Canción de Nombre
de Melina León
Eduardo Reyme Wendell
En
los años 80, la recesión económica, el caos social, los atentados de coches
bombas y las torres voladas por doquier fueron, junto a las largas colas y el
paquetazo, uno de los peores recuerdos del primer gobierno de Alan García
(1985-1990), sumado a ello, el tráfico de niños dados en adopción durante ese
periodo desató uno de los peores escándalos que evidenció la existencia de una
de las mafias más peligrosas que pueda existir en nuestro país: la letrada.
Dichas
prácticas evidenciaron en su momento un sistema quebrado desde lo más profundo
de sus bases, un accionar inenarrable que para pretextos de muchos postulaba
que, ante el fuego desatado por la violencia política del Perú, la mejor opción
de aquellos niños y niñas, arrancados de los brazos de sus madres al nacer, era
cualquier lugar del planeta menos su país, su propio hogar.
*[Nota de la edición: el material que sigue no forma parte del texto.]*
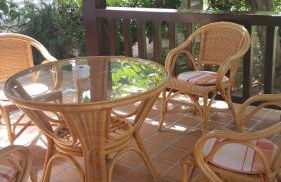 Villa Chabola - Foto 15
Al respecto, bien
hace León en traernos a la memoria con Canción
sin nombre esa parte de nuestra historia que no yace registrada de manera
oficial y que a través de su propuesta basada en hechos reales nos permite
reflexionar en que, como dice uno de los personajes de la película, “el tiempo
es la distancia más larga entre dos lugares”.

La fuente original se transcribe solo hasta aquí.